→ Task brief
When the line containing "无限暖暖🔥玫色天鹅绒获取秘籍💎截图2" appears in the data below, begin copying there and stop only after the line containing "foto Giardini Trauttmansdorff".

-- Opening Marker --

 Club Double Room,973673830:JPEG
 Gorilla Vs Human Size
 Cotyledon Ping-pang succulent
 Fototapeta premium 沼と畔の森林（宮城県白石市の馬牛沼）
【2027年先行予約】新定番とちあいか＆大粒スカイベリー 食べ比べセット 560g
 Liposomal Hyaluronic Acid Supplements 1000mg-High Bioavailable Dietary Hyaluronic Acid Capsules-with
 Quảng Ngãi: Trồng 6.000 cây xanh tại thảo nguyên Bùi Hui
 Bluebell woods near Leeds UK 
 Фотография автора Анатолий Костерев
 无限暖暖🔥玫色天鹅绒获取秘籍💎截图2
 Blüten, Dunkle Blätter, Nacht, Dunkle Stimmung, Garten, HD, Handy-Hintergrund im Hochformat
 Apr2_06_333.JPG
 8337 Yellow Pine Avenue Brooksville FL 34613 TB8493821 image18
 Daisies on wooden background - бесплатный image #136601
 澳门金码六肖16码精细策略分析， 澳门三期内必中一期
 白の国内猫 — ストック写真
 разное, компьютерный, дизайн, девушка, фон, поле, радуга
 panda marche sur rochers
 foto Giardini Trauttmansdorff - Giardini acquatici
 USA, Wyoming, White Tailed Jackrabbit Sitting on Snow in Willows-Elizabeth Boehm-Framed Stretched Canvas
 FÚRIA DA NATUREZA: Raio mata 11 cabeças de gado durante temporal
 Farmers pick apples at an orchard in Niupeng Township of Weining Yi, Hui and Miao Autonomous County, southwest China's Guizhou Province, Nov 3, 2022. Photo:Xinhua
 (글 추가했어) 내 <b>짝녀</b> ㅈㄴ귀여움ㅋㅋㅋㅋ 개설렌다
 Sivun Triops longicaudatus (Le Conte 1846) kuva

-- Closing Marker --

→ Answer box
 无限暖暖🔥玫色天鹅绒获取秘籍💎截图2
 Blüten, Dunkle Blätter, Nacht, Dunkle Stimmung, Garten, HD, Handy-Hintergrund im Hochformat
 Apr2_06_333.JPG
 8337 Yellow Pine Avenue Brooksville FL 34613 TB8493821 image18
 Daisies on wooden background - бесплатный image #136601
 澳门金码六肖16码精细策略分析， 澳门三期内必中一期
 白の国内猫 — ストック写真
 разное, компьютерный, дизайн, девушка, фон, поле, радуга
 panda marche sur rochers
 foto Giardini Trauttmansdorff - Giardini acquatici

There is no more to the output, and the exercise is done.